Not much new here except for the the following plan for used fuel rods:

“The company aims within 8 months of reactor shutdown to optimise the storage configuration of used fuel in the pools so that the fuel pools become independent of their cooling systems, and to place all the used nuclear fuel in its HI-STORM dry storage systems in less than 30 months after the plant’s shutdown. The company recently completed the removal of all of the used fuel from storage pools at Oyster Creek in a record 32 months.”


The sale of the Indian Point Energy Center by Entergy Corporation to subsidiaries of Holtec International has been completed. The plant, which shut down at the end of April after 45 years in operation, is the third project in Holtec’s decommissioning fleet.

Indian Point (Image: Holtec)

Entergy and Holtec announced the sale of Indian Point in April 2019, and the transfer of the plant’s licences to Holtec was approved in November 2020 by the US Nuclear Regulatory Commission and the New York State Public Service Commission in May this year. Holtec Indian Point, LLC now becomes the owner and Holtec Decommissioning International, LLC (HDI) the licence holder and decommissioning operator.

Holtec said Indian Point will benefit from the company’s integrated fleet management structure that unifies an array of safety, operation, quality assurance and management procedures and practices which are continuously informed by lessons learned from decommissioning activities across all of its sites. Holtec is already carrying out expedited decommissioning at Oyster Creek in New Jersey and Pilgrim in Massachusetts, and the company said it plans to welcome Palisades and Big Rock Point – both in Michigan – to its fleet in a proposed equity transaction next year. Palisades, an 850 MWe (net) pressurised water reactor, is expected to close in Spring 2022. Decommissioning of Big Rock Point’s 67 MWe boiling water reactor was completed in 2006; an independent used fuel storage facility remains at the site.

Holtec’s decommissioning plans for Indian Point include moving used nuclear fuel from pools into a dry storage system, and dismantling and packaging highly activated parts from the nuclear reactors in high capacity containers. This will remove virtually all of the radiation source from the plant’s containment enclosure, Holtec said. The company aims within 8 months of reactor shutdown to optimise the storage configuration of used fuel in the pools so that the fuel pools become independent of their cooling systems, and to place all the used nuclear fuel in its HI-STORM dry storage systems in less than 30 months after the plant’s shutdown. The company recently completed the removal of all of the used fuel from storage pools at Oyster Creek in a record 32 months.
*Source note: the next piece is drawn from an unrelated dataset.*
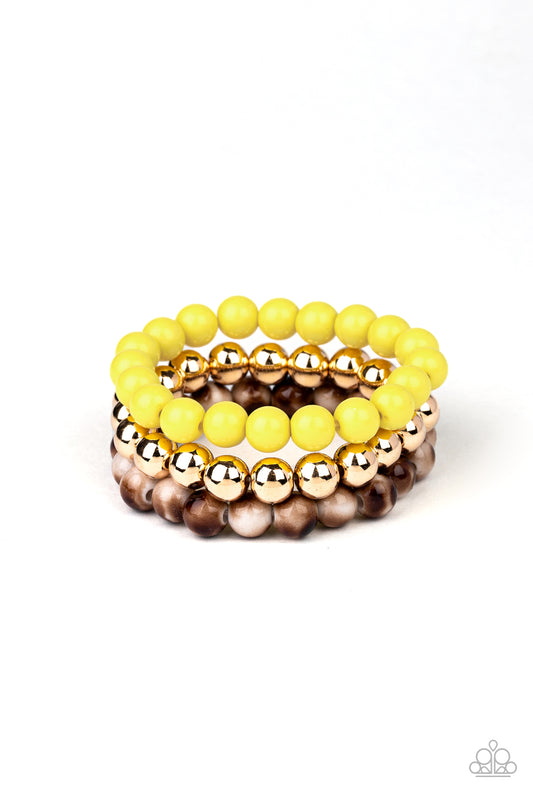 Courageously Couture - Yellow - Paparazzi Bracelet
Entergy chairman and CEO Leo Denault thanked Indian Point’s employees for over 20 years of safe, secure and reliable plant operation under the company’s ownership. Holtec has previously said it will hire more than 300 current Entergy employees for the first phase of decommissioning. “With our previously announced agreement for the post-shutdown sale of Palisades nuclear power plant in 2022, we remain on track to complete our exit from nuclear power operations in merchant markets,” he said.

Entergy purchased Indian Point 3 in 2000 and unit 2, along with the permanently shut down unit 1, in 2001. The company announced in 2017 that it would close both operating units pursuant to a settlement agreement with the State of New York, and Indian Point 2 shut down in April 2020. The company has described Indian Point as a “workhorse” for the south-eastern New York electrical grid, generating around 25% of the power consumed annually in New York City and the lower Hudson Valley.